Mais tarde o centro ativo da transformação mundial saiu da Europa e foi dividido entre os Estados Unidos e a União Soviética, hoje parece estar voltando para a Europa Ocidental. Mas não importa: são sempre os outros que ditam o nosso ritmo e nos forçam a mudanças que, se ampliam os direitos nominais da população, restringem a autonomia nacional e, se ampliam a autonomia nacional, atrasam a evolução dos direitos. Isso acontece hoje, por exemplo, com muita clareza, na questão da ecologia: ou defendemos o interesse nacional e nos tornamos ecologicamente “atrasados”, ou adotamos as novas normas ecológicas abdicando de nossa soberania, como ocorre nas reservas indígenas onde ONGs estrangeiras mandam e desmandam e onde um cidadão brasileiro não pode sequer entrar. Nenhuma das alternativas nos satisfaz, e não podemos também dispensar uma ou a outra. As potências que dirigem o nosso movimento estão plenamente conscientes da posição insustentável de duplo desconforto em que cronicamente nos colocam. Nós é que, às vezes, não percebemos o jogo e, aderindo a aparências, a palavras e rótulos atraentes, ora louvamos o nacionalismo sem assumir a responsabilidade pelo atraso político que ele criará necessariamente, ora proclamamos idealisticamente novos direitos sociais e políticos sem termos a coragem de confessar que o preço deles será a nossa submissão maior a potências internacionais.

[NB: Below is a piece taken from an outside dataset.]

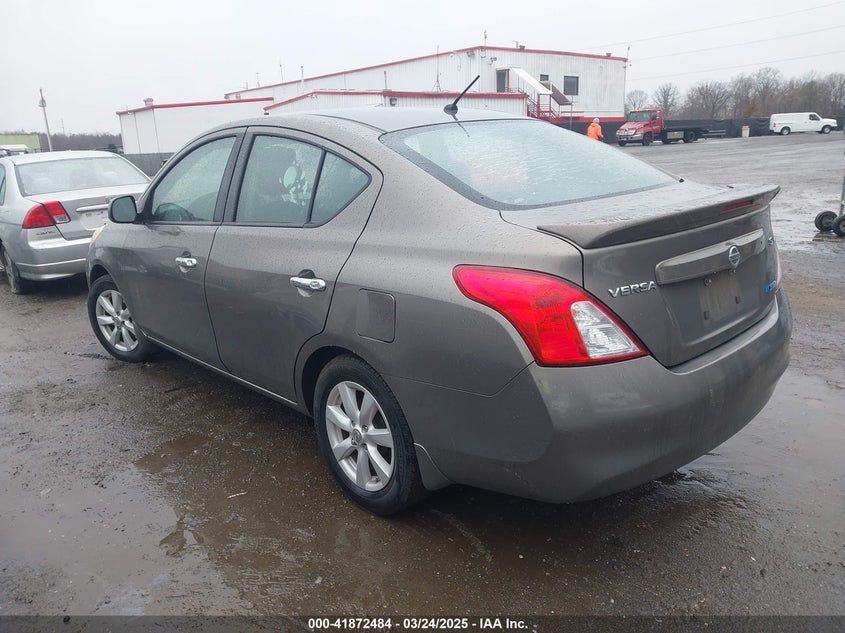 2014 NISSAN VERSA 1.6 SV - 3N1CN7AP5EL811745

Hoje estamos, com FHC, numa fase democratizante-internacionalista; amanhã ou depois, com Lula ou outro petista no governo, voltaremos ao nacionalismo autoritário de Vargas (ou – por paradoxal que pareça – de Geisel). Em qualquer dos casos, sentimos uma profunda frustração, pois nossos melhores esforços são viciados por um mal secreto. É a contradição básica que torna tão difícil a um brasileiro sustentar um discurso político coerente: a coerência das idéias torna-se incoerência dos atos, e vice-versa. Por isso os nossos governantes mais eficazes foram os que tinham o discurso aparentemente mais ambíguo e mais oco, ideologicamente, e por isso os nossos políticos mais caracteristicamente “coerentes a seus ideais”, como Luiz Carlos Prestes e Carlos Lacerda, acabam nada deixando atrás de si senão um rastro de belas palavras…

Meio farsa, meio tragédia, a nossa independência perenemente semifrustrada poderia nos levar à loucura, se não fosse a proverbial habilidade do brasileiro para viver na ambigüidade. Mas esta capacidade é por seu lado parte do estilo tradicionalmente nacional de vida, que um progressismo moralista hoje nos convida a abandonar em troca de um rigorismo legalista de tipo americano que, por sua vez, custará ao nosso país novas submissões. E assim por diante. Até quando?